Hacker News new | ask | show | jobs
by exabrial 75 days ago
His other project "Byte Me", along with judicious javap usage, has been super useful for me learning JVM bytecode so I could make a machine learning model compiler for the JVM (basically compile your ML models as native code; ONNX, tree ensembles, regressors, classifiers, etc as native JVM classes with no massive runtime needed)

still in the works, but its here for those interested: Petrify: https://github.com/exabrial/petrify

1 comments

Why not compiling it to Java source code (not bytecode)? Users would use their own Java compiler then.

Same as, say, ANTLR generates code to parse various texts to AST.
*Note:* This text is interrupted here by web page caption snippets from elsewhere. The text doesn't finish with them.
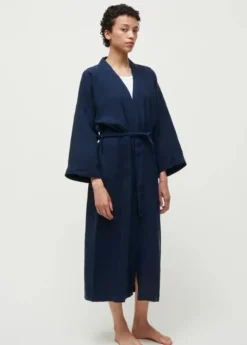 Kimono Linen, navy fra Aiayu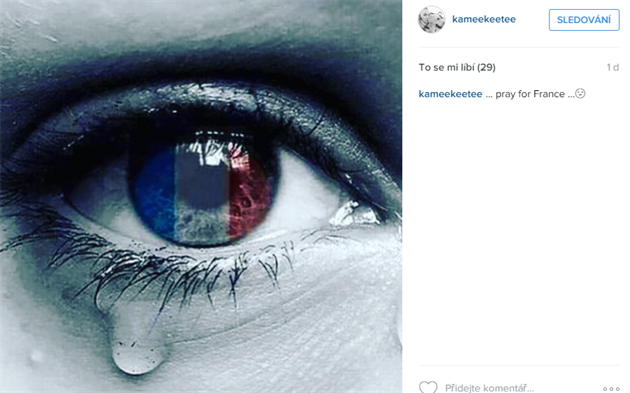 Zpvaka byla jednou z celebrit, kteí na Instagramu vyjadovali solidaritu...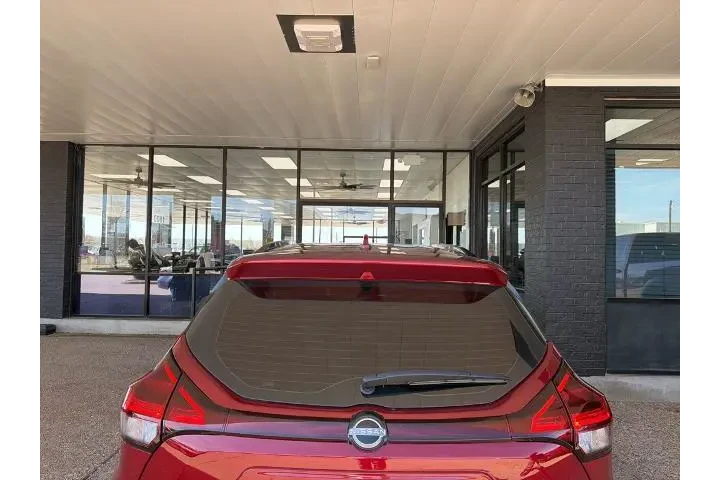 $17982 : Nissan Kicks 2024 SR 4dr Cro image 6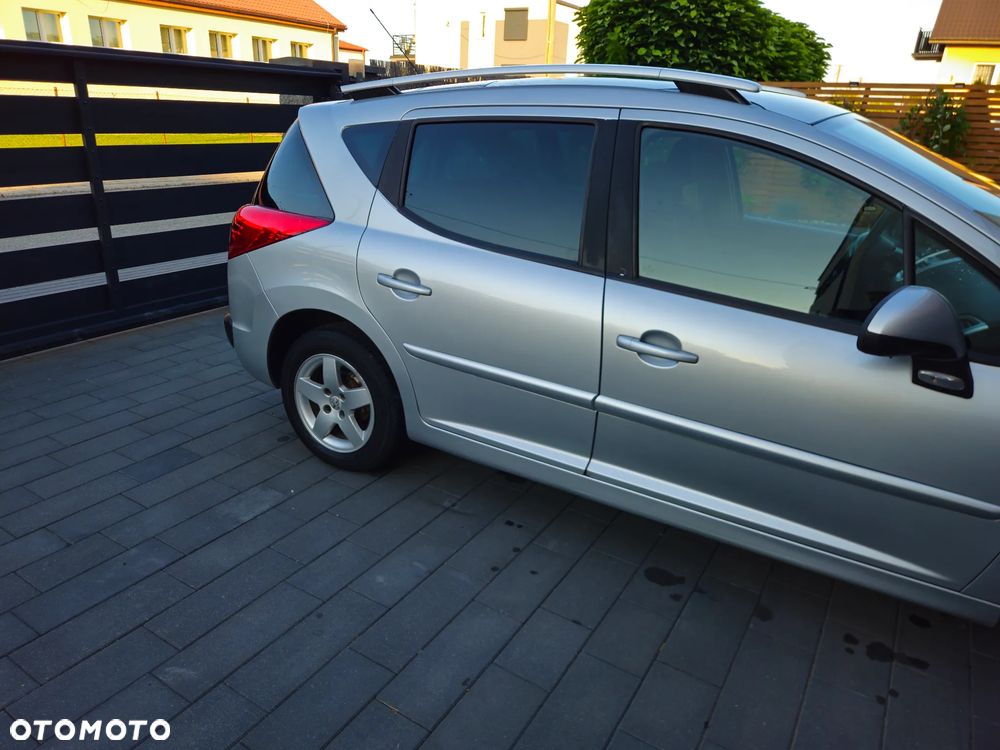 Peugeot 207 1.4 - 5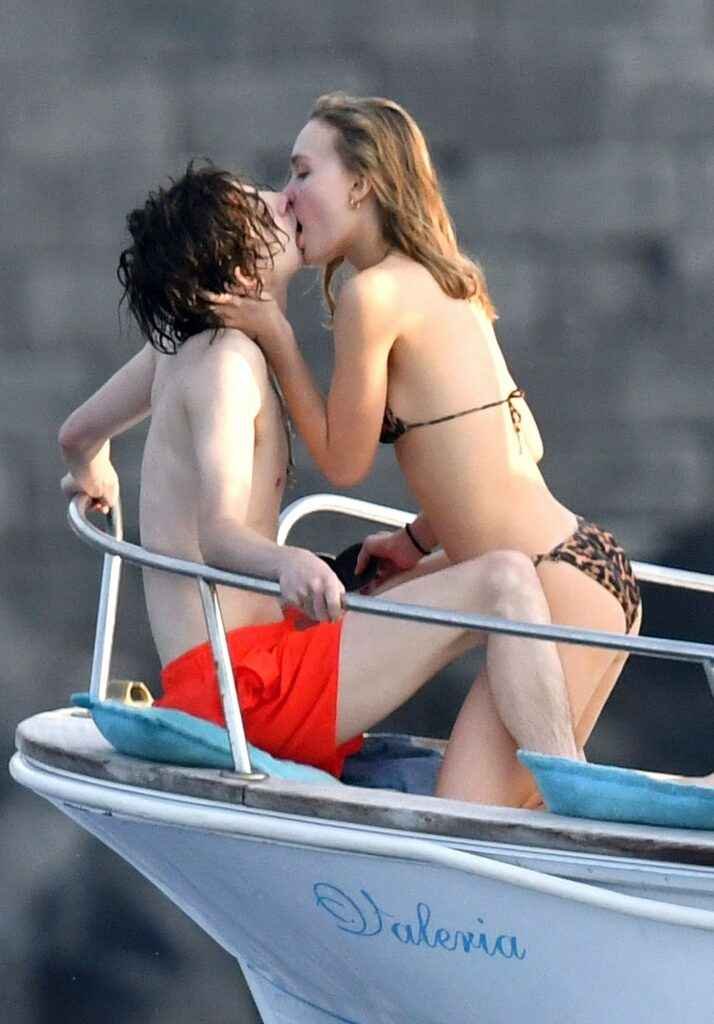 Lily-Rose Depp embrasse son petit ami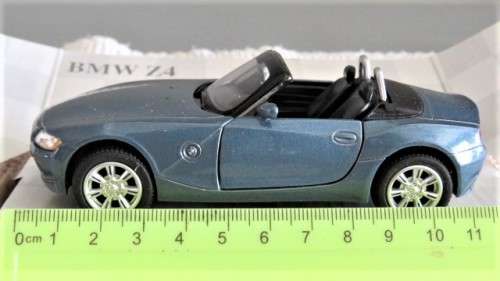 Stunning Boxed Kinsmart Die Cast BMW Z4 With Pull Back Action Scale 1:32 L: 12,5 cm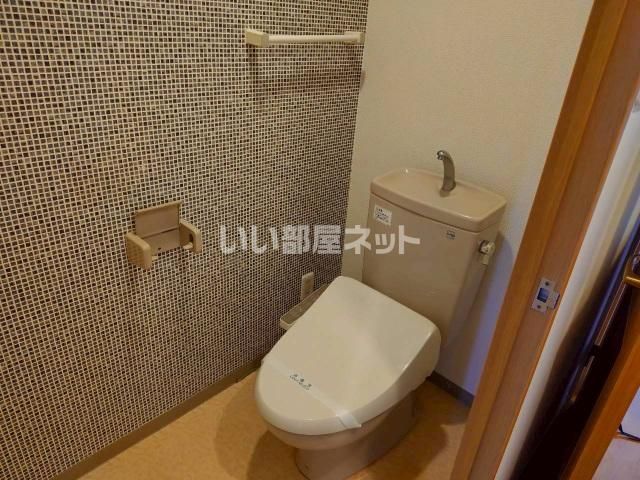 ソレイユ西条のトイレ写真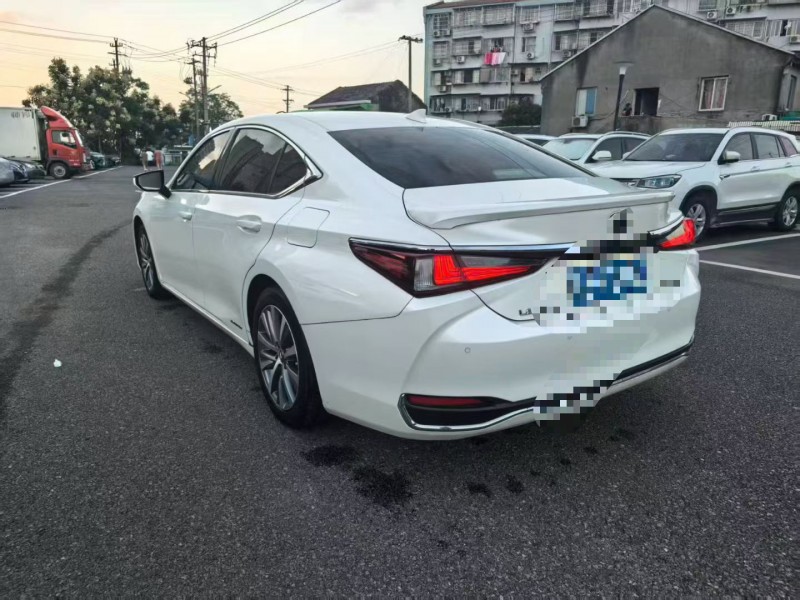 绍兴20年雷克萨斯ES8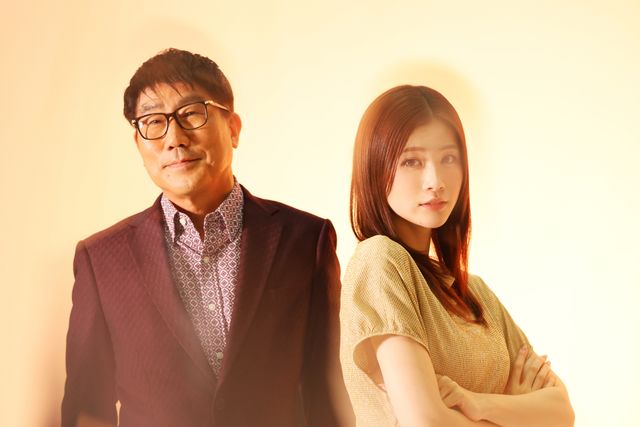 音楽プロデューサーの亀田誠治＆遠坂綾音役の生見愛瑠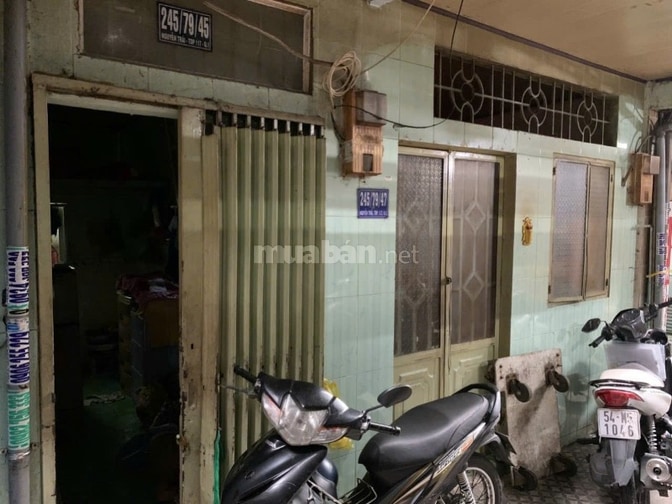 CHO THUÊ NHÀ GIÁ RẺ HẺM 2,8M NGuyễn TRÃI (KHU MÃ LẠNG) Q. 1, 4,3TR.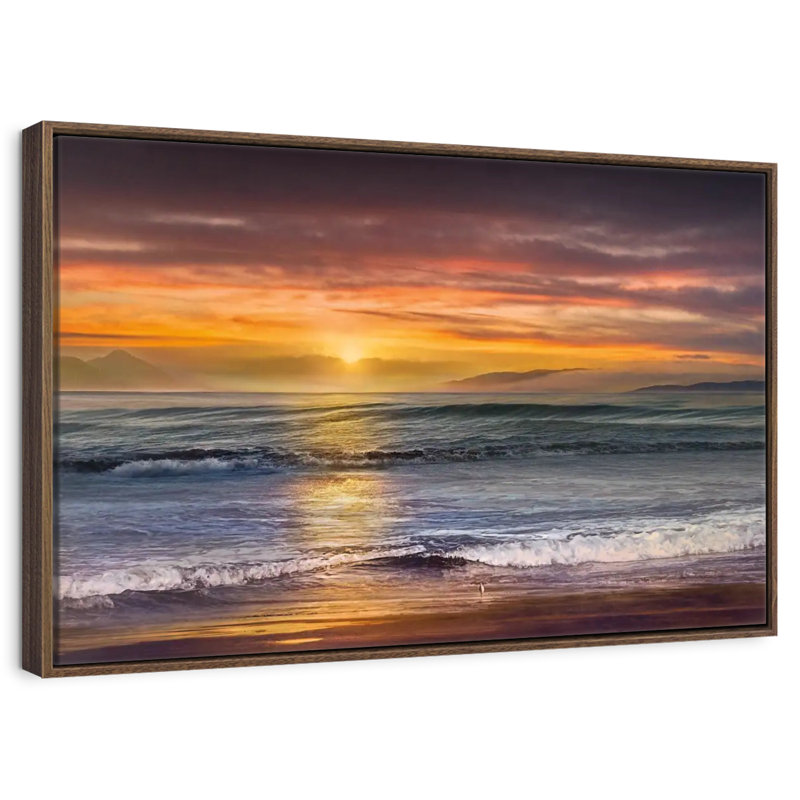 Le coucher du soleil sur la plage de Descanso, Cadre flottant noyer, 43 po x 29 po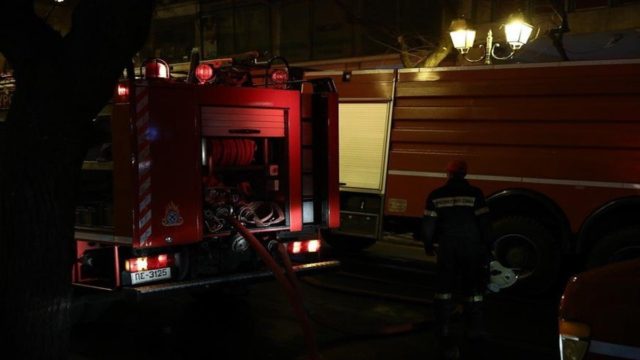 Συναγερμός στην Νέα Ερυθραία: Φωτιά σε διαμέρισμα – Τέσσερα άτομα στο νοσοκομείο με εγκαύματα (video)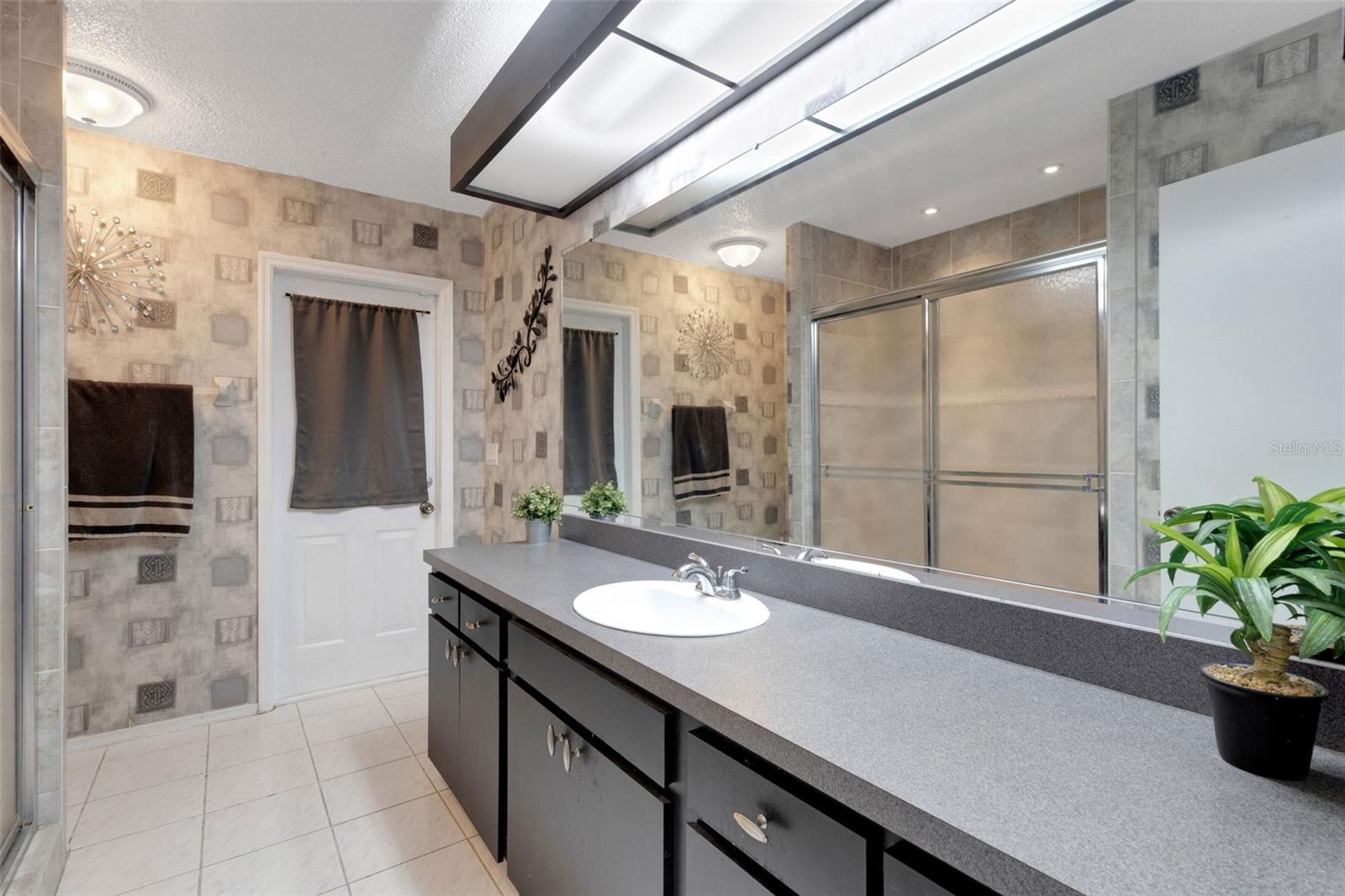 LIONSHEAD PH I - Residential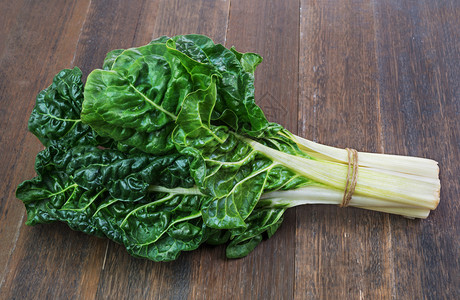 维他命木制的新鲜绿色菜叶旧木本的蔬菜饮食图片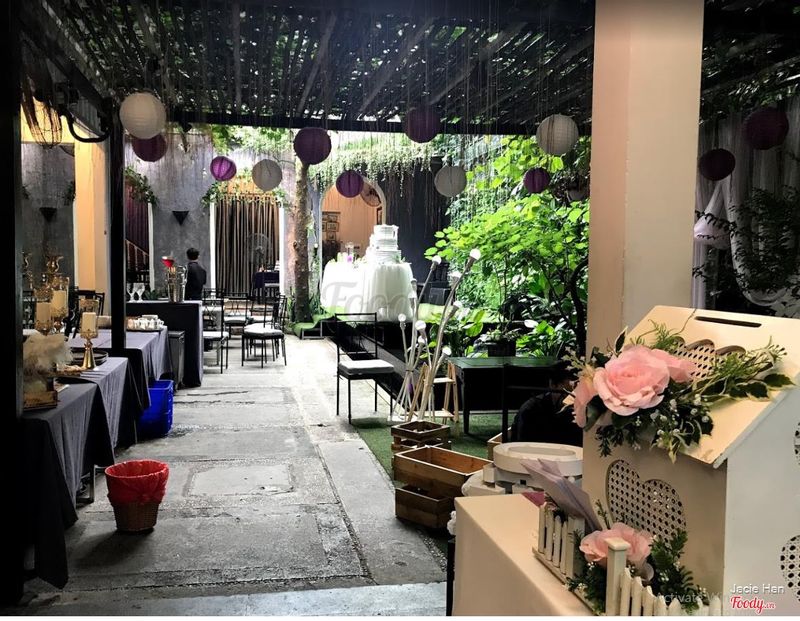 Nhà hàng Pergola Sài Gòn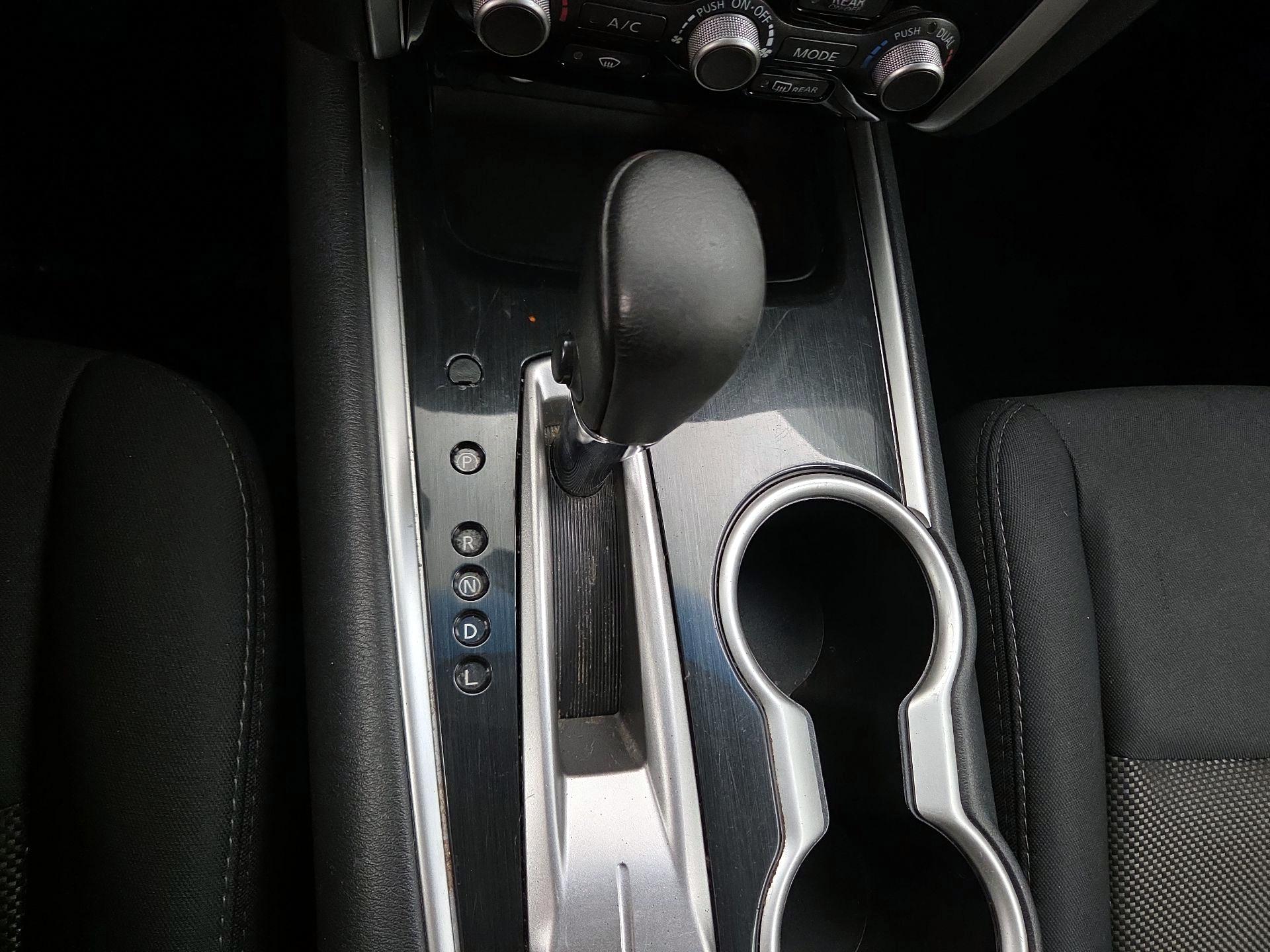 Thumbnail: 2017 Nissan Pathfinder - 17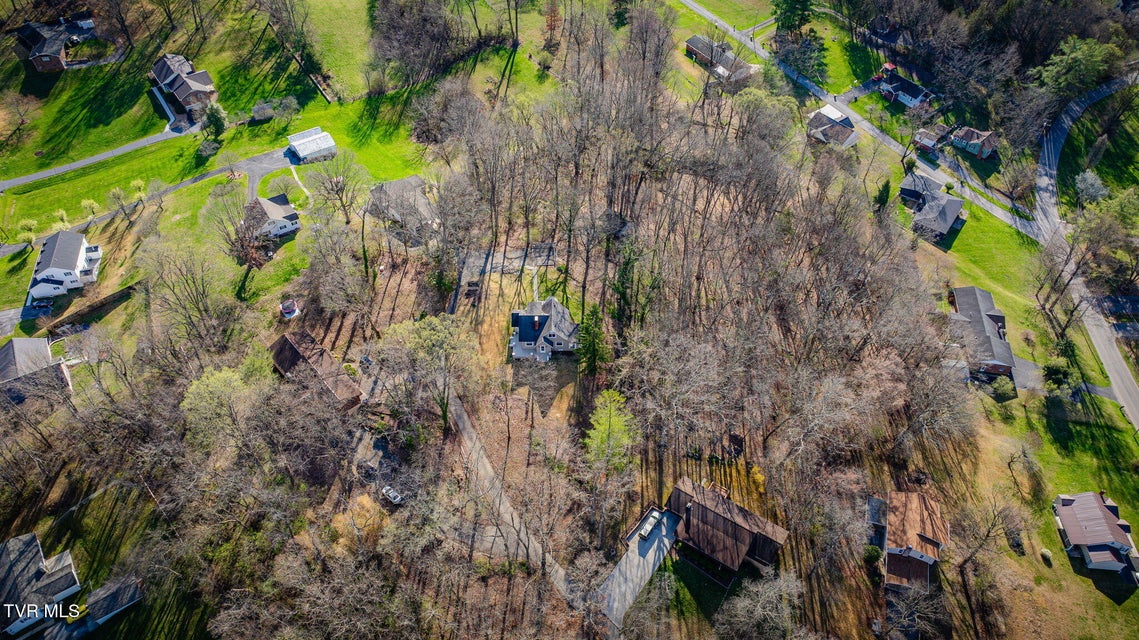 Photo #31: 128 Shadowwood Lane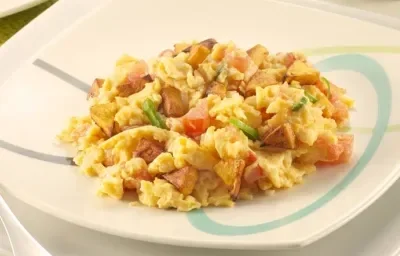 HUEVOS AL HOGAO CON CHIPS DE PLÁTANO HUEVOS AL HOGAO CON CHIPS DE PLÁTANO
Great question, actually I tried that! m2cgen is a project that does that in fact.

It works fine for simple models, but breaks down for production-sized tree ensembles. The JVM has a hard 64KB method size limit, and javac controls how your deeply nested if/else trees get laid out. m2cgen's own FAQ says to reduce estimators when you hit recursion limits during generation. With direct bytecode emission I control the method structure precisely, I can split across methods exactly where needed and manage the constant pool directly. I also wrote much more efficient bytecode than m2cgen creates as equivalent source.

The source code is also a pretty useless step, sets off all kinds of static analysis alarms in your stack, and also I worry about source code injection (not that can't happen with petrify, it's just a lot harder).

Finally, I'm grateful for the sweat the authors of m2cgen have put in, but the project has gone without updates for 4 years. That doesn't mean it's useless (some mature software never sees updates), but it's not a positive sign either.